John Adams and John Quincy Adams used book-plates, and James Monroe and John Tyler each had a plain name-label. These are all of our presidents known to have used them, except General Garfield, who had a printed book-plate of simple design, with the motto "inter folia fructus." Eleven of the signers of the Declaration of Independence are known to have had these signs of gentle birth—for in the early years of the American Colonies, it was only the families of aristocratic connection and scholarly tastes who indulged in what may be termed a superfluous luxury.

The plates used among the Southern settlers were generally ordered from England, and not at all American. The Northern plates were more frequently of native design and execution, and therefore of much greater value and interest, though far inferior in style of workmanship and elaboration of ornament to the best European ones.

The ordinary library label is also a book-plate, and some of the early libraries and small collections have elaborate designs. The early Harvard College library plate was a large and fine piece of engraving by Hurd. The Harvard Library had some few of this fine engraved label printed in red ink, and placed in the rarer books of the library—as a reminder that the works containing the rubricated book-plates were not to be drawn out by students.

The learned bibliophile and librarian of Florence, Magliabecchi, who died in 1714, devised for his library of thirty thousand volumes, which he bequeathed to the Grand Duke of Tuscany, a book-plate representing his own profile on a medal surrounded with books and oak boughs, with the inscription—"Antonius Magliabecchius Florentinus."

Some book-plates embody designs of great beauty. The late George Bancroft's, engraved on copper, represented a winged cherub (from Raphael) gazing sun-ward, holding a tablet with the inscription "Eis phaos," toward the light.

Some French book-plates aim at humor or caricature.

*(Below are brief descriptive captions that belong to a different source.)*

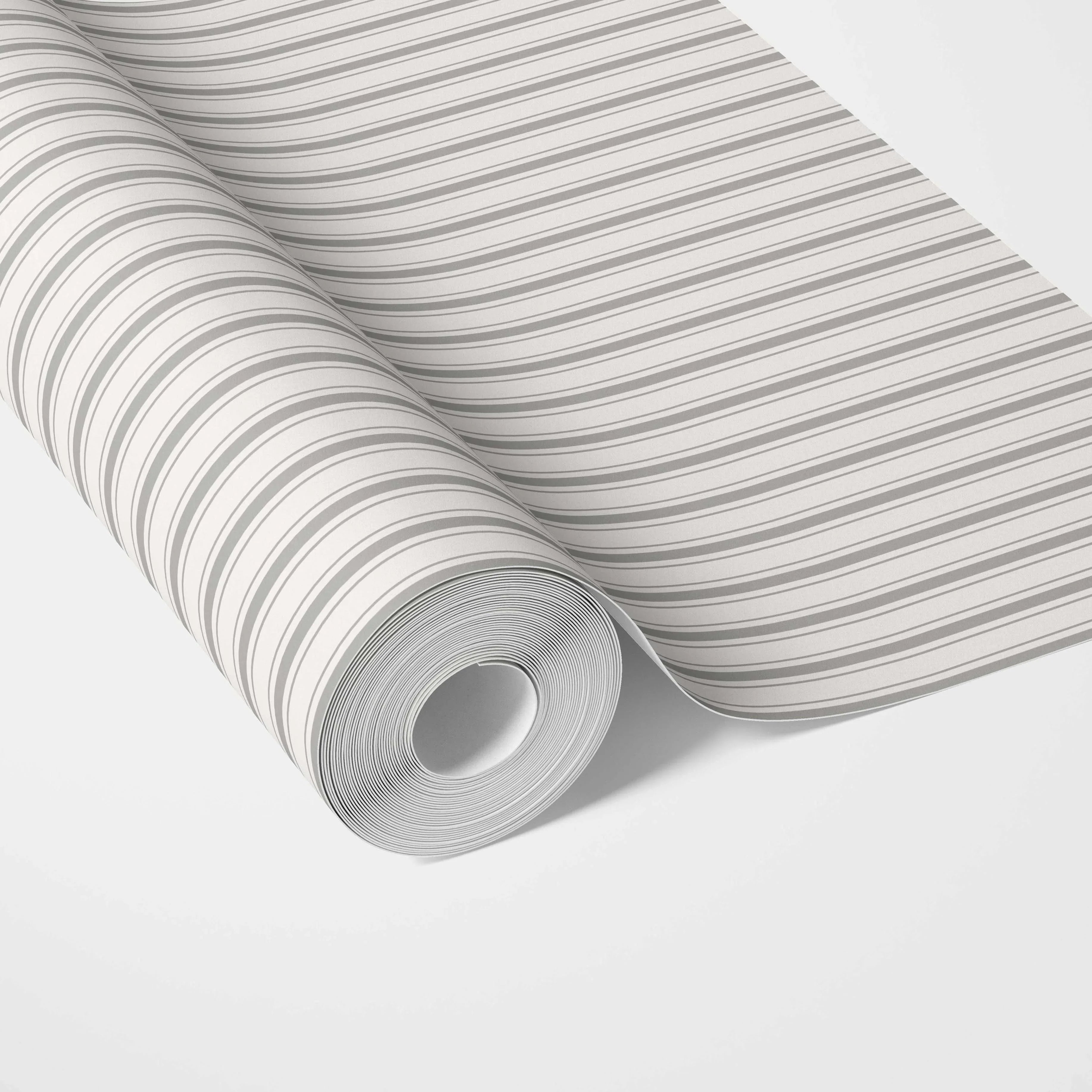 Neutral Geometric Striped Traditional Wallpaper Sample (Light Grey)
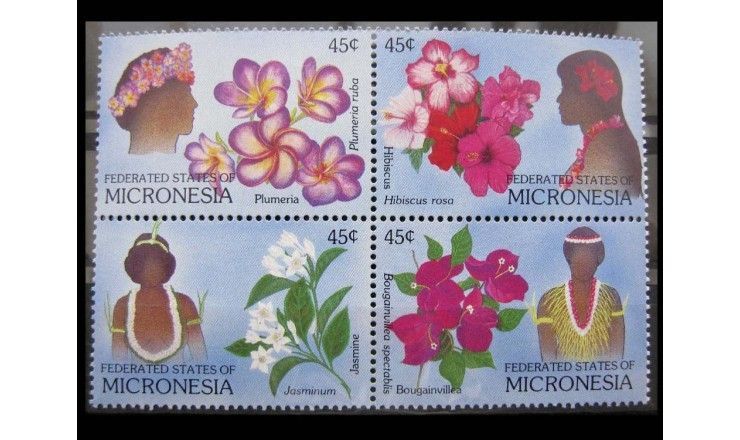 Микронезия 1989 г. "Цветы и цветочные украшения"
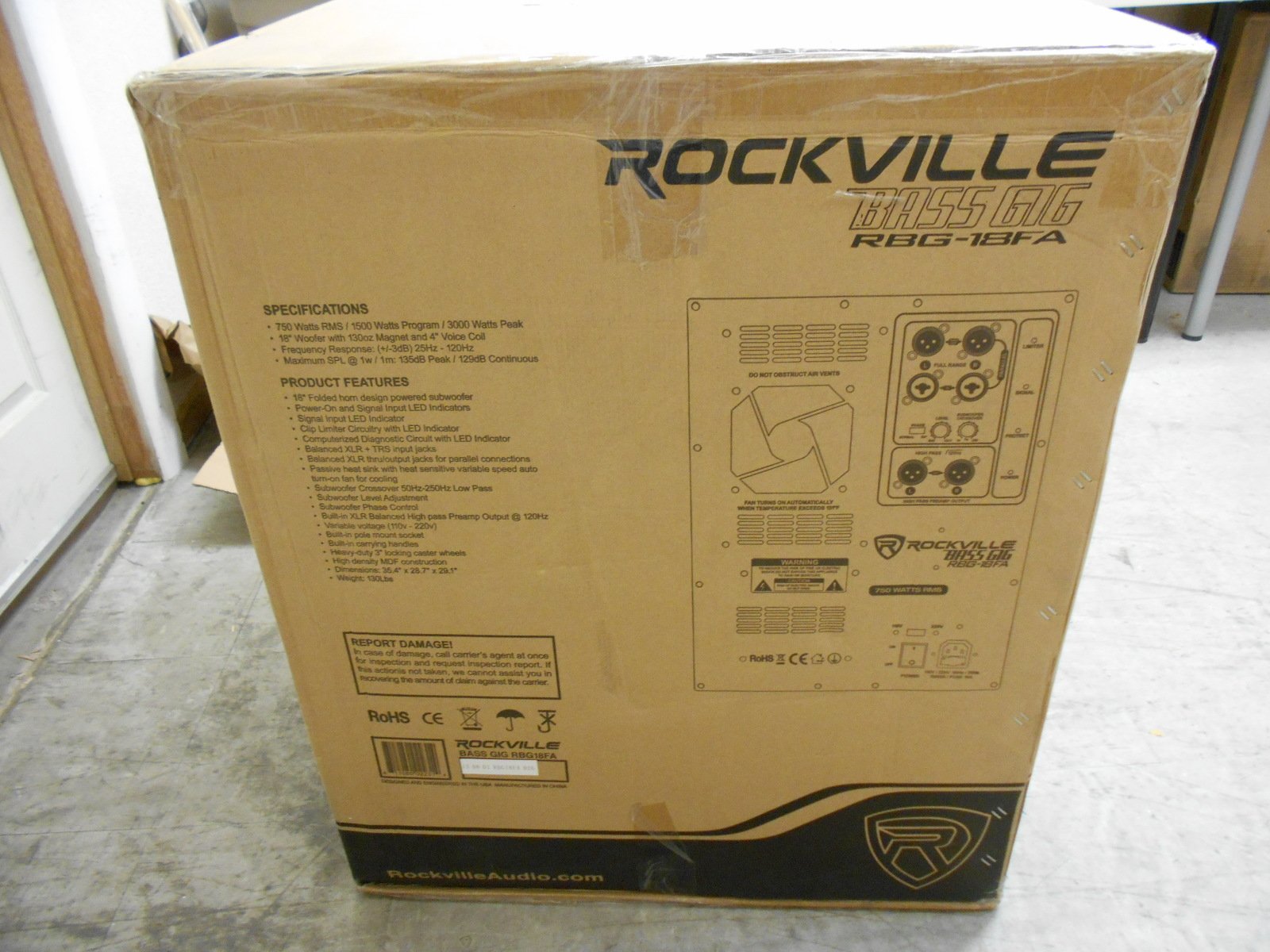 Rockville RBG18FA 18" 3000w Active Powered Pro Subwoofer Folded Horn PA/DJ Sub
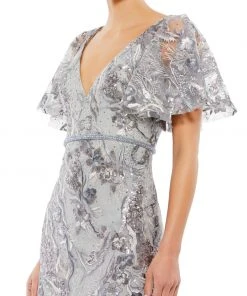 Mac Duggal Embellished V Neck Butterfly Sleeve Trumpet Gown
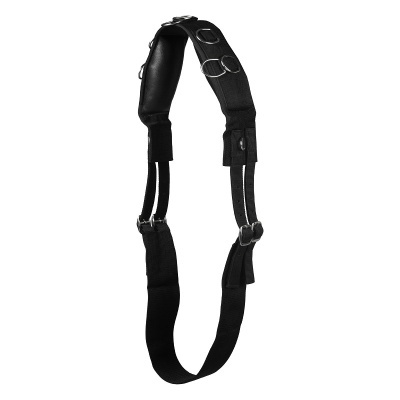 Correia de ombro preta em nylon com almofada e anéis metálicos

One familiar example represents an old book-worm mounted on a tall ladder in a library, profoundly absorbed in reading, and utterly unconscious that the room beneath him is on fire.

To those who ask of what possible utility it can be to cultivate so unfruitful a pursuit as the devising or the collecting of book-plates, it may be pertinent to state the claim made in behalf of the amateurs of this art, by a connoisseur, namely, "Book-plates foster the study of art, history, genealogy, and human character." On this theory, we may add, the coat of arms or family crest teaches heraldry; the mottoes or inscriptions chosen cultivate the taste for language and sententious literature; the engraving appeals to the sense of the artistic; the names of early or ancient families who are often thus commemorated teach biography, history, or genealogy; while the great variety of sentiments selected for the plates illustrate the character and taste of those selecting them.

On the other hand, it must be said that the coat of arms fails to indicate individual taste or genius, and might better be supplanted by original and characteristic designs, especially such as relate to books, libraries, and learning.